Is Shame Necessary?

Is Shame Necessary?
Author: Jennifer Jacquet
Publisher: Vintage
Total Pages: 226
Release: 2016-01-12
Genre: Science
ISBN: 0307950131

An urgent, illuminating exploration of the social nature of shame and of how it might be used to promote large-scale political change and social reform. “[Jacquet] exposes the ways shame plays into collective ideas of punishment and reward, and the social mechanisms that dictate the ways we dictate our behavior.” —The Boston Globe Examining how we can retrofit the art of shaming for the age of social media, Jennifer Jacquet shows that we can challenge corporations and even governments to change policies and behaviors that are detrimental to the environment. Urgent and illuminating, Is Shame Necessary? offers an entirely new understanding of how shame, when applied in the right way and at the right time, has the capacity to keep us from failing our planet and, ultimately, from failing ourselves.

On the Western Circuit

On the Western Circuit
Author: Thomas Hardy
Publisher: Good Press
Total Pages: 33
Release: 2020-12-08
Genre: Art
ISBN:

On the Western Circuit is a novella by Thomas Hardy. Edith is a rural girl who falls in love with an older man, in this romance where the mistakes of love life are tragically explored and bared naked.

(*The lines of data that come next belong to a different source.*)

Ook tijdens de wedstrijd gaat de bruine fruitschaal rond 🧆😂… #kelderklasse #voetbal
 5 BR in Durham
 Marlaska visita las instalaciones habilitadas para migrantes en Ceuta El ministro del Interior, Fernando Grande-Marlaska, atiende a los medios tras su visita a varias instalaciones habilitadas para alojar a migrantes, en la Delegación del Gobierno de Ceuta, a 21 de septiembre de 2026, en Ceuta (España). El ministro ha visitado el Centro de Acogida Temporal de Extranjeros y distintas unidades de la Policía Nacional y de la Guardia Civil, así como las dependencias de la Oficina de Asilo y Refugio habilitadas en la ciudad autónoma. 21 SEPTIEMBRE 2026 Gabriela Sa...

The Ballad of Laurel Springs

The Ballad of Laurel Springs
Author: Janet Beard
Publisher: Simon and Schuster
Total Pages: 288
Release: 2023-07-25
Genre: Fiction
ISBN: 1982151579

"A provocative new novel by the nationally bestelling author of THE ATOMIC CITY GIRLS, about nine generations of one family in Eastern Tennessee whose women, in eerie echoes of the notorious Appalachian murder ballads made famous by singers, over more than a century, have been traumatized by acts of violence"--

Tess of the D'Urbervilles by Thomas Hardy

Tess of the D'Urbervilles by Thomas Hardy
Author: James Gibson
Publisher:
Total Pages: 104
Release: 1986
Genre: Literary Criticism
ISBN:

Life and background - Writing, publication and initial critical reception of Tess - Summaries and critical commentary - What the novel is about.

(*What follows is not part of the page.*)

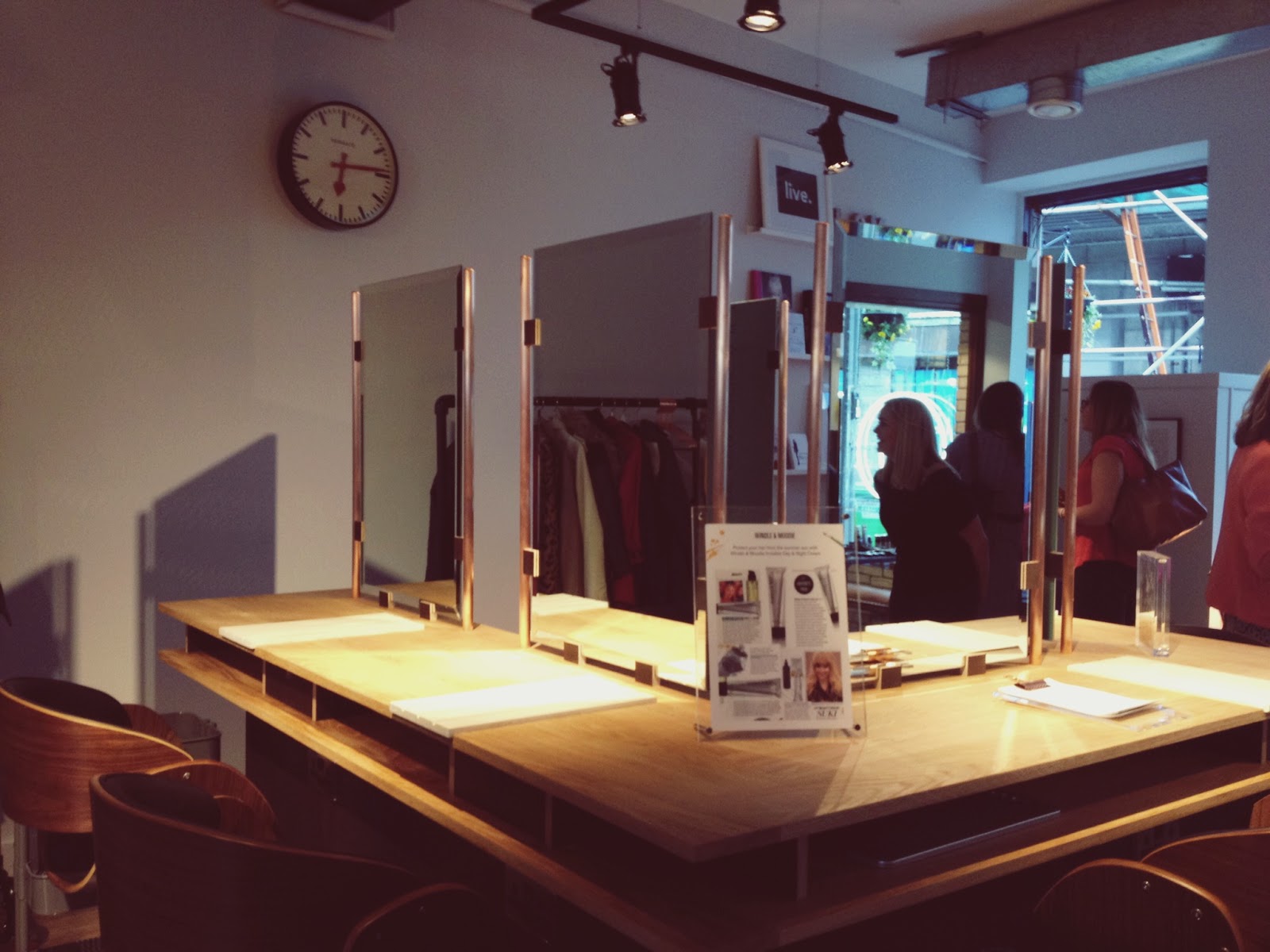 Linton and Mac Press Launch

Tess of the D'Urbervilles (Study Guide)

Tess of the D'Urbervilles (Study Guide)
Author: Thomas Hardy
Publisher:
Total Pages: 467
Release: 2020-01-25
Genre:
ISBN:

The novel is set in impoverished rural England, Thomas Hardy's fictional Wessex, during the Long Depression of the 1870s. Tess is the oldest child of John and Joan Durbeyfield, uneducated peasants. ... He notices Tess too late to dance with her, as he is already late for his promised return to his brothers.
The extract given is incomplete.